By Nate Jackson Reverend Angela Ying, a 99%er, stood up in the middle of the Amazon Shareholder meeting and asked the billionaire CEO Jeff Bezos point blank, “Why are you still supporting the American Legislative Exchange Council (ALEC)?” Bezos passed the question to an Amazon lawyer, Michelle Wilson. Wilson in as many words told us that the giant online retailer is dropping their support of ALEC.
“This year, we've decided not to renew with ALEC, and it's because of positions they've taken not related to our business,” said Wilson.
Positions not related to their business? The real reason Amazon is dropping ALEC is because of the consistent public pressure from the 99%. Nationally the 99% has persuaded more than 15 corporations to leave the right wing, extreme organization, Amazon was the 16th.

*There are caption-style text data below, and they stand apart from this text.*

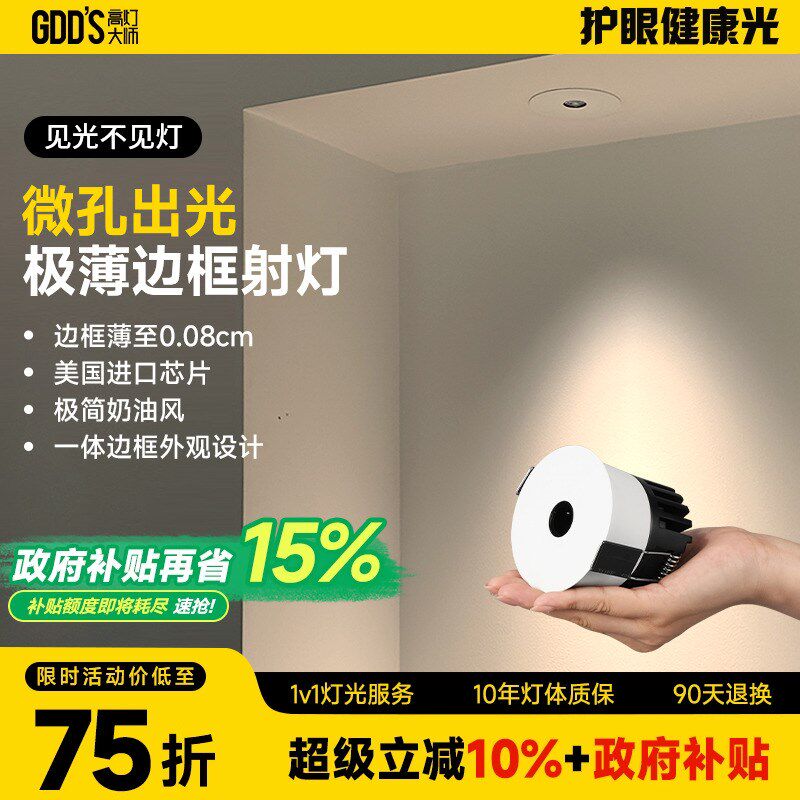 超薄小孔射灯嵌入式防眩0.08cm边框隐形小角客厅无主灯度交叉出光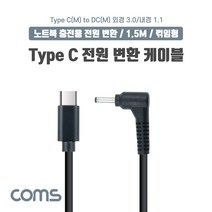 USB 3.1(Type C) 노트북 전원 변환 케이블(PD to DC 3.0/1.1) 충전 젠더 DC 외경 3.0/내경 1.1 1.5m 포굿드라이브, 상세페이지 참조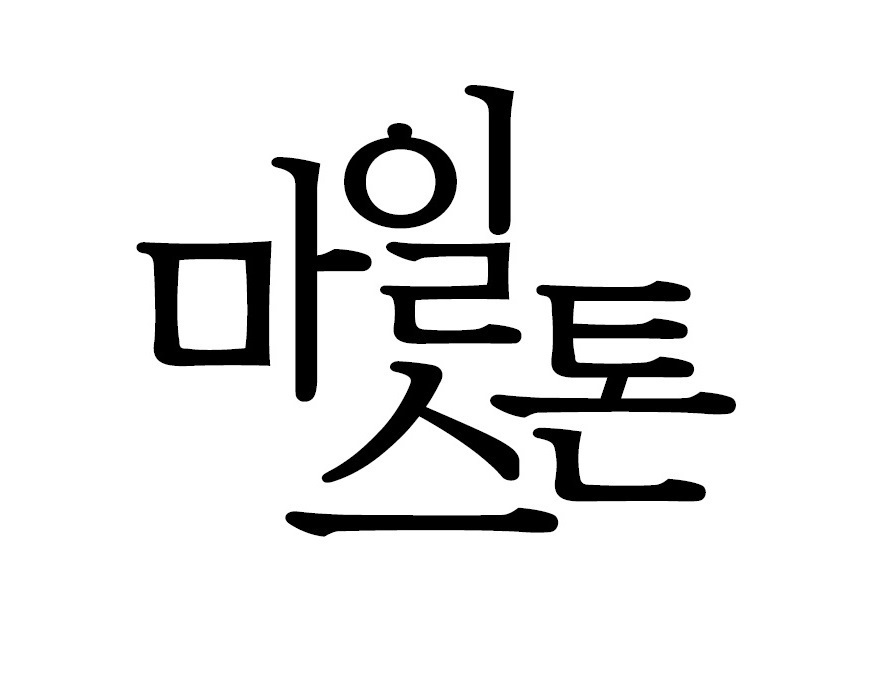 마일스톤 출판사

The message was spread out from inside the shareholder meeting by text and twitter messages and the 99% raised a cheer both outside the shareholder meeting and across the country.
The 99% had been gathering signatures, numbering in the hundreds of thousands, to bring public attention to ALEC’s lobbying for tax loopholes for big corporations, Stand Your Ground legislation, and voter suppression laws.
Amazon under consistent public pressure decided to end their affiliation.
These promises came at the annual shareholder meeting in which CEO Jeff Bezos, looking nervous, answered questions posed by the 99% who just so happened to hold a share of the giant online retailer.
Meanwhile on the outside of the shareholder meeting, under the watchful gaze of the Hammering Man, we gathered hundreds strong to send a message to the executives of Amazon.
Deana Knutsen, a Washington CAN! activist stomped around the stage revving up the crowd.
“We came here to say one thing,” she said shaking her fist. “Amazon you need to pay your fair share!”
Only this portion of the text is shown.